2017-06-11

〔今週号の表紙〕第529号 京屋商店 近恵

〔今週号の表紙〕
第529号 京屋商店

近 恵



西伊豆の土肥には樹齢千年と伝わる楠が二本ある。一本は安楽寺というお寺に、もう一本は土肥神社の境内に。先日社員旅行で土肥温泉へ行った際にその大楠を見にひとり土肥の町をぶらぶらした。

土肥温泉は金山採掘中の坑道から湧いたのがその始まりで、安楽寺の境内にある坑道には今は入浴できないがその温泉が残っている。もう一本の大楠のある肥神社は、北条氏が西伊豆あたりも治めていた勢いのある頃に、土肥城主の富永氏が鎌倉の鶴岡八幡宮の分霊を勧進したものと伝わっている。

どちらの大楠も樹齢千年と伝わっているので、それが正確であれば鎌倉時代より前からそこにあって時代の流れの中ひとの営みを静かに見守ってきた大楠だということだ。

楠に語る言葉があったら聞いてみたいと思いながら、しばし静かな時間の中に身を置いて葉擦れの音を聞いていた。

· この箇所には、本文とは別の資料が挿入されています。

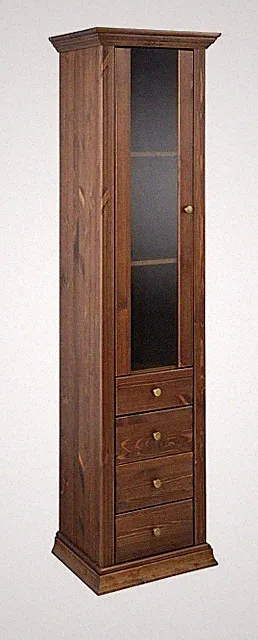 Vitrine aus Kiefernholz kolonialfarben lackiert Schrank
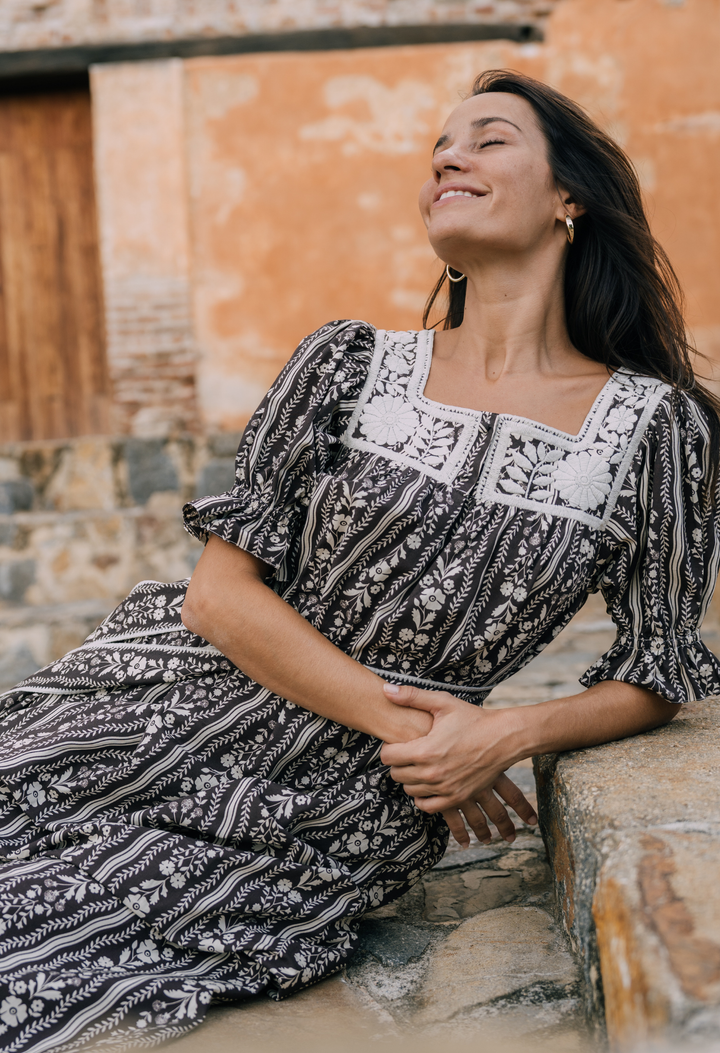 Maria Long Dress Dress Maria Brown Botanical Stripe Long Dress Maria Brown Botanical Stripe Long Dress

土肥神社には白い大きな鳥居があり、鳥居の前には京屋商店という酒屋さんがあった。今はもうそこでは営業していないようで、酒屋の看板も出ていないが、「TABACCO」の看板と「塩小売店」という小さな看板が残っている。周辺には車が擦れ違えないないような細い道があり、道沿いには小さな温泉宿が何軒もある。京屋商店の建物は結構大きく、昔は何人も奉公人がいたりしたんだろうなと想像したりした。建物は今は地域の集会所として使われているようだった。